Docker Compose (Ollama + Open WebUI Together)

If you want both services managed together:

# docker-compose.yml
services:
  ollama:
    image: ollama/ollama:latest
    container_name: ollama
    ports:
      - "11434:11434"
    volumes:
      - ollama_data:/root/.ollama
    restart: unless-stopped

  open-webui:
    image: ghcr.io/open-webui/open-webui:main
    container_name: open-webui
    ports:
      - "3000:8080"
    volumes:
      - openwebui_data:/app/backend/data
    environment:
      - OLLAMA_BASE_URL=http://ollama:11434
    depends_on:
      - ollama
    restart: always

volumes:
  ollama_data:
  openwebui_data:
docker compose up -d

If you have an NVIDIA GPU and want GPU acceleration inside Docker, add this to the ollama service:

    deploy:
      resources:
        reservations:
          devices:
            - driver: nvidia
              count: 1
              capabilities: [gpu]

Part 4: Connect Ollama to Your Dev Tools

Ollama exposes an OpenAI-compatible API at http://localhost:11434/v1. This means any tool that supports the OpenAI API can use your local models as a drop-in replacement.

Connect to Cursor

  1. Open Settings > Models > OpenAI API
  2. Set Base URL: http://localhost:11434/v1 (the /v1 is required)
  3. Set API Key: ollama (any non-empty string works -- Ollama ignores it)
  4. Select your model

Now Cursor uses your local model instead of sending code to the cloud.
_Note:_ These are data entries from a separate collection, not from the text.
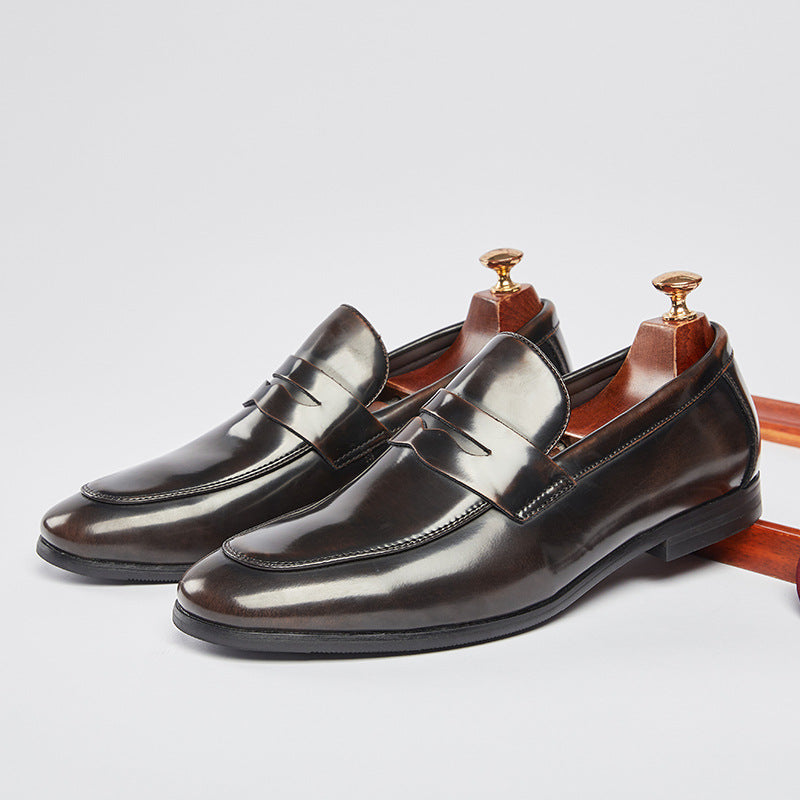 Adrian | Stil und Komfort klassische Loafer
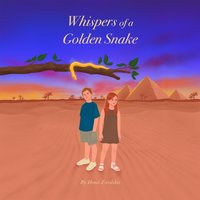Whispers of a Golden Snake - Zwolska Ilona Zwolska - audiobook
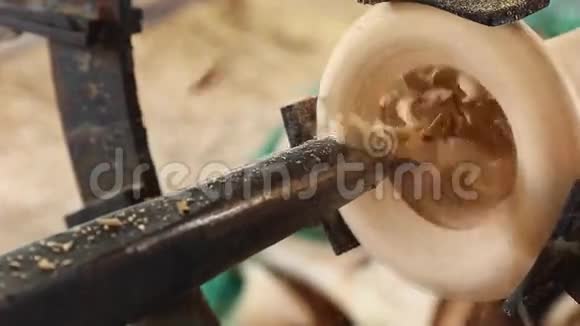 木雕机运动视频的预览图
Connect to VS Code (Continue Extension)

Install the Continue extension, then edit ~/.continue/config.yaml:

models:
  - name: DeepSeek R1 14B
    provider: ollama
    model: deepseek-r1:14b
    apiBase: http://localhost:11434
    roles:
      - chat
      - edit

  - name: Qwen Coder 7B
    provider: ollama
    model: qwen2.5-coder:7b
    apiBase: http://localhost:11434
    roles:
      - autocomplete

The trick is to use a small, fast model for autocomplete (inline suggestions need to be instant) and a larger model for chat and editing (where you can wait a few seconds).

Use From Python

from openai import OpenAI

client = OpenAI(
    base_url="http://localhost:11434/v1/",
    api_key="ollama",  # required by the SDK but ignored by Ollama
)

response = client.chat.completions.create(
    model="llama3.1:8b",
    messages=[
        {"role": "system", "content": "You are a helpful assistant."},
        {"role": "user", "content": "Explain what RAG is in one paragraph."},
    ]
)
print(response.choices[0].message.content)

Because Ollama speaks the OpenAI protocol, any library or tool built for OpenAI works with zero code changes -- just point the base URL to localhost.


Part 5: Build a RAG Pipeline Over Your Own Documents

This is where it gets powerful. RAG (Retrieval-Augmented Generation) lets you ask an LLM questions that it answers using your own documents as the source of truth -- not its training data, not the internet, your files.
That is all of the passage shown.